Repeat the span of the entries below that starts at the line with "Sofá Retrátil Reclinável" and ends at the line with "TEMERINA Top - Brown", nothing more. Skip the pictures.
**** Provided records ****
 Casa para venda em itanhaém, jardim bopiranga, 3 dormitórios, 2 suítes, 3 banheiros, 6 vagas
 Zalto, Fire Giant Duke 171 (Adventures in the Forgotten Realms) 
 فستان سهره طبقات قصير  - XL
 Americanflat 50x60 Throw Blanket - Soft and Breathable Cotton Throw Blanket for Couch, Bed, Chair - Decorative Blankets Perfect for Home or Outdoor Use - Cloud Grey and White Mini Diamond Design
****
**** Provided records ****
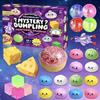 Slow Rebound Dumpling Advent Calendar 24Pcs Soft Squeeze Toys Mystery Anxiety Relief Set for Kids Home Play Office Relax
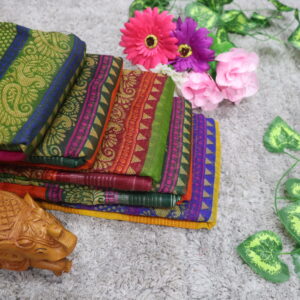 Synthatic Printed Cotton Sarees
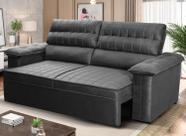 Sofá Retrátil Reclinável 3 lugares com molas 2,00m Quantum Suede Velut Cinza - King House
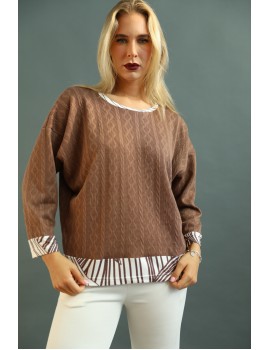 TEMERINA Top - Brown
****
* **Solution for this problem**:
 Sofá Retrátil Reclinável 3 lugares com molas 2,00m Quantum Suede Velut Cinza - King House
 TEMERINA Top - Brown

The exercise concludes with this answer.